Since my job sabbatical has kept me from enjoying the company of fine writers, I’ve noticed a dramatic (okay not that dramatic but noticeable) shift in my writing schedule. From an early morning writer, I’ve now been converted into an evening one.
It’s a bit of a surprise. I had always prided myself to being able to beat the sun in waking up by falling out of bed (it’s amazing how trying to save one’s nose from landing butter side down works better than coffee). Then spend the next hourish or so in front of my laptop, propped upright by a combination of sunlight and YouTube music and typing until the synapses from my teeth have finally reached my brain, poking me to go brush my teeth and stuff cereal down my gob. I got (mostlyish) decent writing during that time.
Morning writing made sense; many of my contemporaries were early birdies, pounding out a page or two of writing then spend the rest of the day positively beaming in writerly glow, and I beamed along with them.
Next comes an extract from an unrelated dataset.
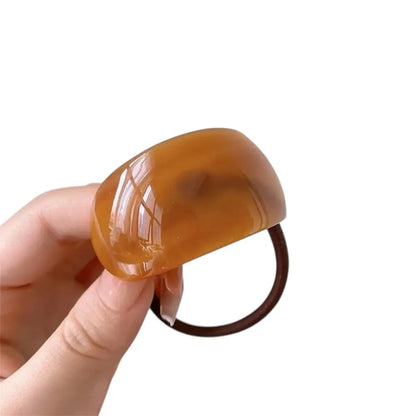 Élastique cheveux avec maxi pièce effet ambre caramel - Chéri Chérie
Late nights were for kids doped up on too much candy who grew up to be college frat boys surviving on Gatorade and thumb exercise doing videogame blitzes and slept past noon.
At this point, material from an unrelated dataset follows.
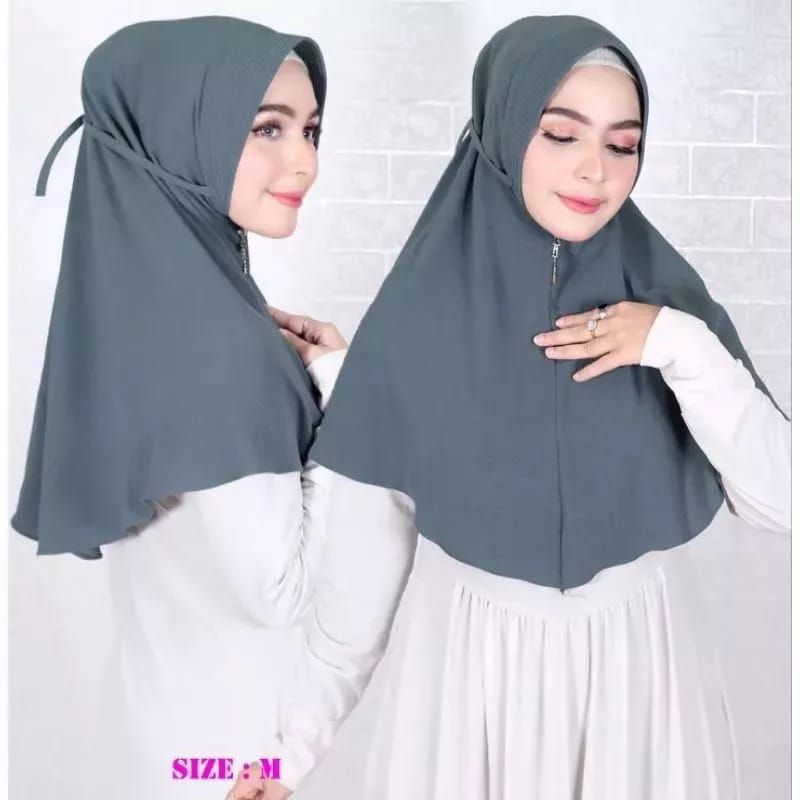 Jilbab Bergo Maryam Pet Tali Crinkle Size M/ Kerudung Crinkle Pet Tali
Then I asked a writerly friend of mine when he writes. His answer? He’s nocturnal. He exaggeratedly works until he can see the sun again and wakes up at noon. Slacker? No because he isn’t letting the brain fluids leak out over a flashy screen and game controller, he’s an editor for an online magazine and late at night is how he ticks. So I tried a switch.
Now that I finish work late it’s an easy transition to meld into writing around the hours hovering around midnight. And I’m happy, well sorta mostlyish happy. Instead of getting my body to start, it’s holding it together with new ways to abuse the English language and the smooth jazz of seeing words run along a page to stop my eyelids from collapsing under the weight of ideas.
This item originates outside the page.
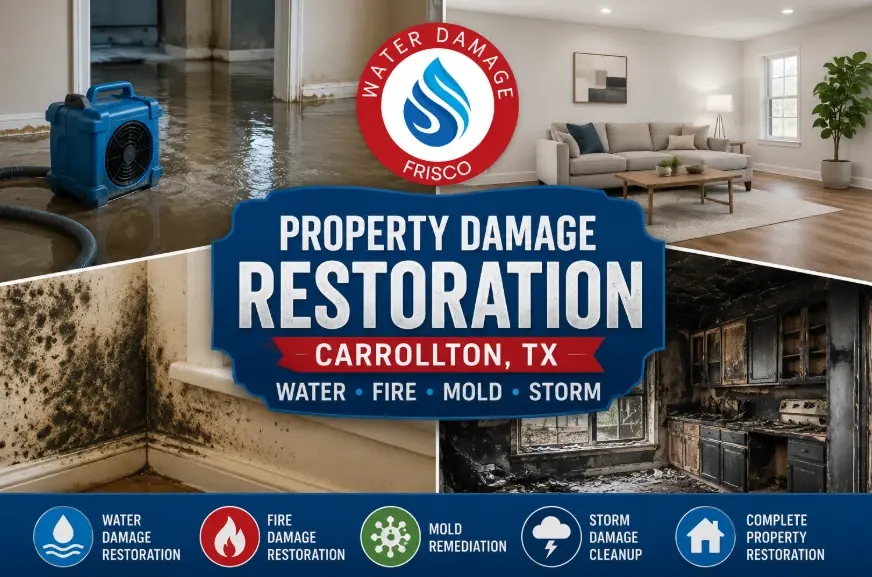 Property damage restoration services overview for water fire mold and storm damage in Carrollton, TX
So this is where I have a curiosity you lot can itch. What’s your favourite time to write? Do you write before the daily grind of traffic jams, checking email, lunch with coworkers comes roaring in or late evening when the stress is winding away and you are free for some me time.
My hypothesis is that there’s never a definitive time. That is we are always searching for the time when our brain’s on a groove to dedicate the time the will the energy to sit that ass down and put pen on paper or fingertips on keyboard. So to add to morning and evening polling, who doesn’t have a set schedule?
Poll below
If computer’s out of ink, ink it.
Still working on a snappy line.
By Joshua P’ng, a North York Writer
p.s. I’m thinking of starting the North York Writers Facebook group in order to post our meetings as events to encourage more people to come. What’s your opinion?
Newsflash of the day: Canadian Reads winner Joseph Boyden is from North York, woo hoo!